Toi même !
Le jour où je me suis fait traitée de p*te en pleine rue.
Et où ça a failli être le jour des claques poings
Alors voilà... Je traversais une passerelle qui m'amenait au-dessus du Rhône jusqu'en centre-ville. Je double deux ptis cons, qui commencent immédiatement à m'interpeller. Du moins, un seul. L'autre avait un peu honte je crois (et je comprends). Ca a commencé par une interpellation, je dirais "basique" : "Et vas-y file moi ton numéro, allez ! ". Mais bien sûr, et la marmotte... Au bout de la troisième fois, je me retourne, et lui demande en souriant (la Stéph, sympa jusque là, genre tout va bien je vais bien) si son plan marche d'habitude avec les filles, parce que là, j'ai comme un doute. Le ptit con n'assume même pas ses propos, il fait comme si c'était son copain qui me faisait chier : vous savez, ce que les mecs font à 10 ans 1/2 quand ils emmerdent une gamine (c'est là que je comprends que je ne risque pas non plus grand chose avec ces deux blaireaux).
Je repars, et ça repart. Entre les "File moi ton numéro" et les "Montre moi ton string" (fallait venir le jour où je suis passée sur une bouche de métro, c'est tout. Eh eh), je commence à criser. Je me retourne de nouveau, lui demande si c'est une façon de parler aux filles (non mais c'est vrai quoi), qu'il fallait qu'il se calme un peu, et je repars.
Et ça repart (ouiiiin) : "File moi ton numéro ou je t'arrache ton sac". J'aimerai bien voir ça tiens. En général, quand on parle gentiment avec ce genre de petit con, il se calme, voire même s'excuse. Mais là, je sais pas, en 15 ans d'emmerdement régulier avec ce genre de petits cons, c'est la première fois que, bin, que je tombe sur un aussi con !!
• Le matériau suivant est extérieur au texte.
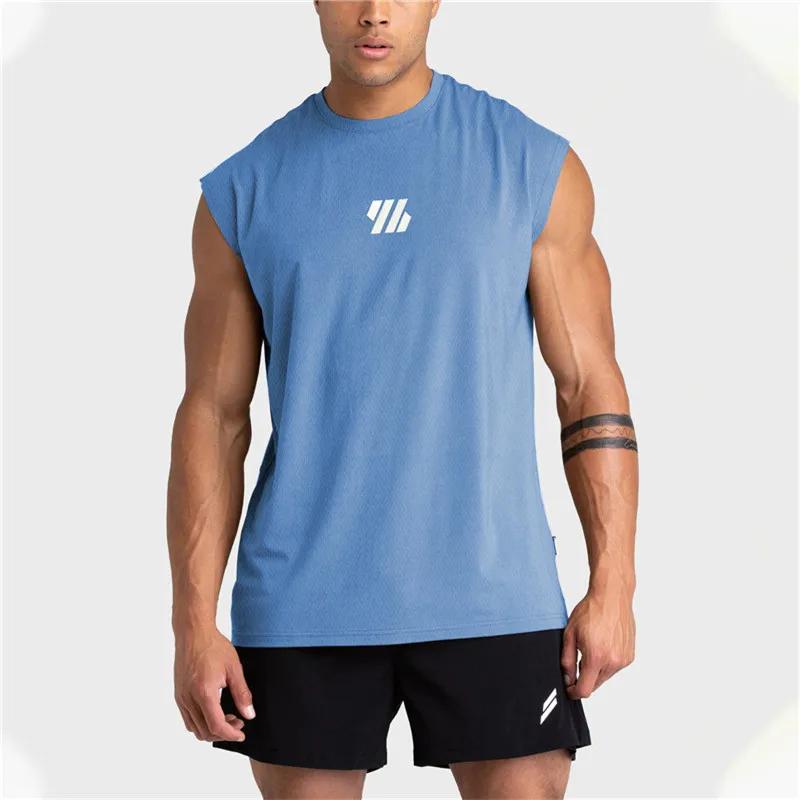 Gilet sport homme sans manches 2025 - Débardeur fitness large épaules séchage rapide maille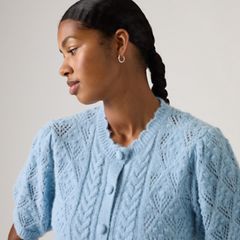 Pauline Pointelle Short-Sleeve Cardigan — Glacier Lake - Blue 2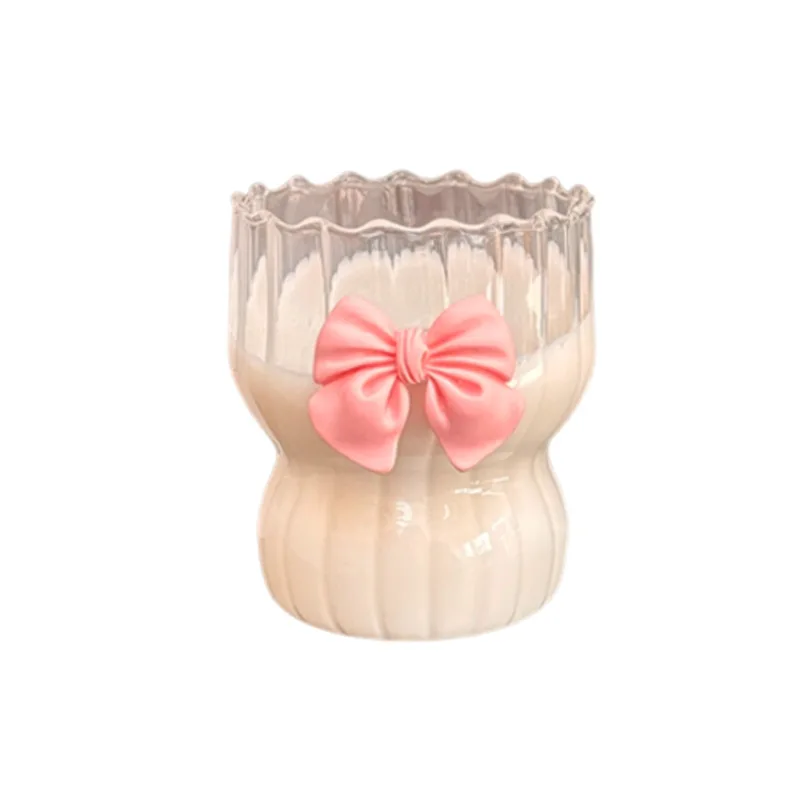 300ML high borosilicate glass cup Pink bow heat-resistant coffee cup vertical grain fat tea girl heart cold and hot dual
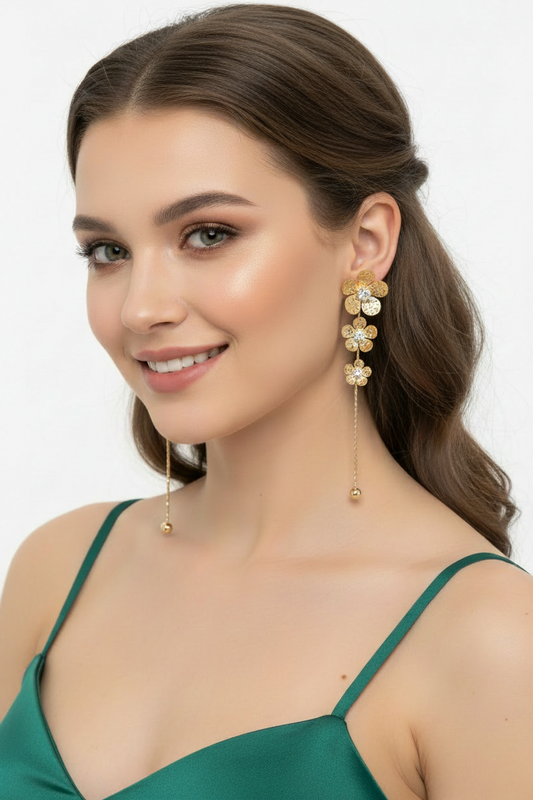pendientes de fiesta largos dorados de flores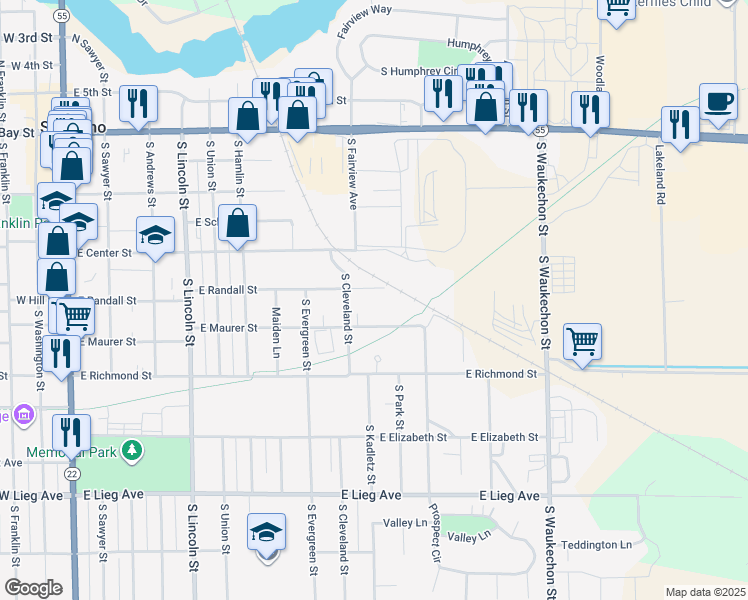 map of restaurants, bars, coffee shops, grocery stores, and more near 921 East Maurer Street in Shawano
Je l'entends marmonner en se marrant : "Ptain, elle a du caractère, j'aime bien !". Là, j'ai envie de lui balancer : "Et mon point dans ta gueule, c'est du caractère ??", pi non. Je continue mon chemin, et l'abruti continue aussi derrière moi à se marrer comme un espèce d'ado attardé de 12 ans. Je finis par m'arrêter, me retourne, fonce sur lui, le regarde, et lui demande de me dire en face ce qu'il marmonne : "T'as même pas le courage de me dire en face. Vas-y, dis moi, c'est quoi ton problème ?". Et le ptit mec qui continue à se retourner vers son pote, genre "Mais c'est lui euuuh". Arf, affligeant. Je lui suggère de m'oublier, et je biffurque à gauche.
Les deux traversent la route, et là j'entends la lâcheté dans toute sa spendeur. En pleine ville, à 18h, le mec me balance en criant au milieu de la rue : "Sale p*te !!". Ah ah ah. Il a bien attendu que je sois assez loin, et assez pressée pour ne pas y retourner et lui en coller une, parce que si je n'avais pas eu ma conférence de presse, mon état de crise m'aurait fait y aller sans réfléchir, juste histoire de bien le ridiculiser devant tout le monde. En même temps, tout le monde s'en fout, personne n'a bougé.
Mais j'étais à la bourre. Alors je me suis retournée, et je lui ai répondu : "Ca va pas la tête ?!" "C'est toi qui l'as dit c'est toi qui l'es" "Je te retournes le compliment Du Con". Bon OK, "Du con" date des années 80, mais pour le reste, je trouve que c'était pas mal, ma petite réplique, non ?
Evidemment, parce qu'une merde n'arrive jamais seule, alors que j'étais entrain d'envoyer un texto à un ami, histoire de faire partager mon état de Femme-au-bord-de-la-crise-de-nerf, un espèce de vieux me sort, au passage piéton :"ooooh mademoiselle, je viens juste de couper mon téléphone, et vous m'appelez !". J'hésite entre lui envoyer mon téléphone dans la gueule et ne rien dire, j'opte pour la deuxième solution. Alors évidemment, monsieur trouve que les gens, aujourd'hui, ils sont pas polis parce que je réponds pas. OOOOOUUUUIIIIIIIInnnnn. Obligée de lui dire que c'est pas le moment, tu vois là.
Heureusement, dix minutes plus tard je buvais un Perrier Tranche dans un grand hôtel, au chaud, tout en partageant des caouètes avec Josiane B., actrice de son état.
Merci Josiane !
[Promis, j'arrête les posts trop longs après !!]